DROP KEYSPACE IF EXISTS my_keyspace
CREATE KEYSPACE my_keyspace WITH REPLICATION = { 
    'class' :              'SimpleStrategy',
    'replication_factor' : 2 
}
CREATE TABLE my_table (
    my_int_id    varint,
    my_string_id varchar,
    my_value     decimal,
    PRIMARY KEY (my_int_id, my_string_id)
)

I then start hammering my cluster with some CQL like:

INSERT INTO my_table 
    (my_int_id, my_string_id, my_value)
    VALUES (1, "2", 42.0)

or such like. The code I use to write to the DB looks something like:

RegularStatement  toPrepare         = (RegularStatement) (new SimpleStatement(cql).setConsistencyLevel(ConsistencyLevel.TWO));
PreparedStatement preparedStatement = cassandraSession.prepare(toPrepare);
.
.
BoundStatement    bounded           = preparedStatement.bind(new BigInteger(myIntId), myStringId, new BigDecimal("42.0"));
cassandraSession.execute(bounded);


The Error

I then kill a single node and my client starts barfing with:

Not enough replica available for query at consistency TWO (2 required but only 1 alive)

which baffled me initially because there were still 4 nodes in the cluster:

dse$ bin/nodetool -h 192.168.1.15 status my_keyspace
Datacenter: Analytics
=====================
Status=Up/Down
|/ State=Normal/Leaving/Joining/Moving
--  Address       Load       Tokens  Owns   Host ID                               Rack
UN  192.168.1.15  83.98 KB   256     40.0%  86df3d65-0e19-49b2-a49e-bc89d6347fa4  rack1
UN  192.168.1.16  82.78 KB   256     42.0%  8fghe485-0e19-49b2-a49e-bc89d6347fa5  rack1
UN  192.168.1.17  84.91 KB   256     38.0%  9834edf1-0e19-49b2-a49e-bc89d6347fa6  rack1
UN  192.168.1.18  88.22 KB   256     41.0%  873fdeab-0e19-49b2-a49e-bc89d6347fa7  rack1
DN  192.168.1.19  86.36 KB   256     39.0%  2bdf9211-0e19-49b2-a49e-bc89d6347fa8  rack1

Of course, the problem is that your tolerance to a node fault is:

    Tolerance = Replication Factor - Consistency Level

For me, that was Tolerance = 2 - 2 = 0 tolerance. Oops.

This is not a problem on all inserts. Running

dse$ bin/cqlsh -uUSER - pPASSWORD
Connected to PhillsCassandraCluster at 192.168.1.15:9160.
[cqlsh 4.1.1 | Cassandra 2.0.11.83 | DSE 4.6.0 | CQL spec 3.1.1 | Thrift protocol 19.39.0]
Use HELP for help.

and inserting worked fine.
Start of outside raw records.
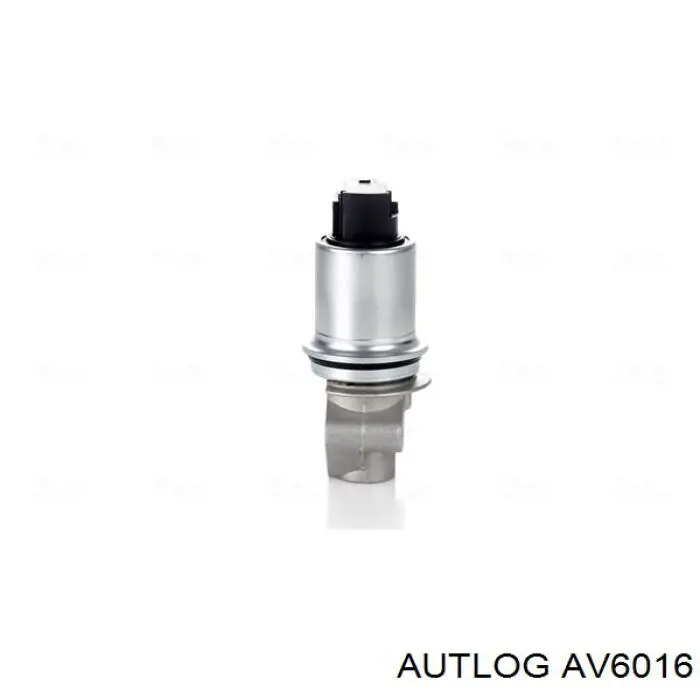 Клапан EGR Autlog AV6016 ціна, від 65.61 USD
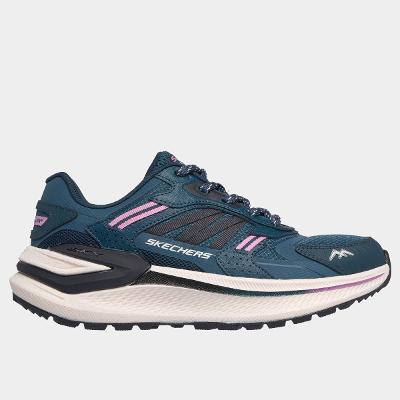 Tênis Skechers Go Run Consistent Pro Trail Feminino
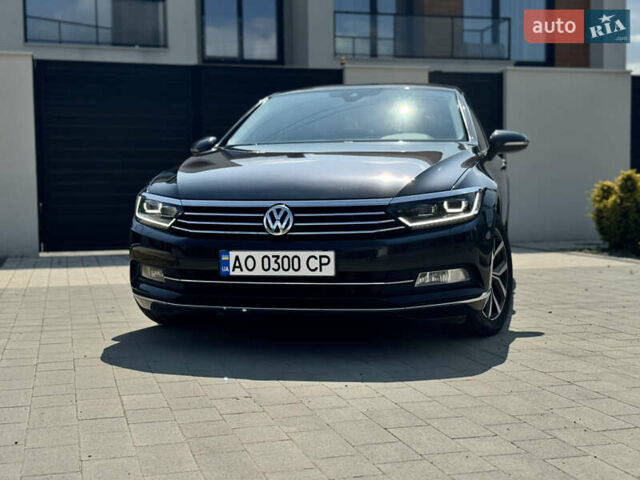 Серый Фольксваген Пассат, объемом двигателя 1.97 л и пробегом 211 тыс. км за 23000 $, фото 4 на Automoto.ua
But this is because cqlsh uses a different consistency level.

cqlsh> consistency
Current consistency level is ONE.

so, let's change that:

cqlsh> consistency TWO

Consistency level set to TWO.

Now do the inserts fail? Well sometimes. It depends on which nodes we attempt to write to, something transparent to the user.


The Problem

Cassandra will try to put a piece of data on REPLICATION_FACTOR number of nodes. These nodes will be determined by hashing their primary key. If a node is down, Cassandra will not choose another. It simply cannot be written to at this time (of course, it might get the data if/when the node joins the cluster).

Upon inserting, the client decides how many nodes must be successfully written to before the INSERT is declared a success. This number is given by your CONSISTENCY_LEVEL. If the contract cannot be fulfilled then Cassandra will barf.


Further Reading

Application Failure Scenarios with Cassandra

Lightweight Transactions in Cassandra 2.0


Monday, February 23, 2015

Cassandra For the Busy - Part 1


A quick guide to Cassandra admin

From the Cassandra installation directory, running:

bin/nodetool -uUSER -pPASSWORD -hNODE ring KEYSPACE

(where the username, password, node and keyspace correspond to whatever you set up) produces data that reads like this:

Token is a number between Long.MIN_VALUE and Long.MAX_VALUE that is used in hashing the key. (See org.apache.cassandra.dht.Murmur3Partitioner.describeOwnership for how ownership is calculated over  a cluster using something like a MurmerHash algorithm. This is the default for Cassandra ).

Load refers to how much has been flushed to disk. Therefore, this may take some time to register a change after you have truncated a table containing 10 million rows. This appears to correspond to org.apache.cassandra.service.StorageService.getLoad().

Owns This represents how much of the ring range a token covers. Note: it might not add up to 100%. "For DC [data centre] unaware replication strategies, ownership without replication will be 100%" (see code comments here. for org.apache.cassandra.service.StorageService.effectiveOwnership). But with replication, it appears to be 100% * the replication factor.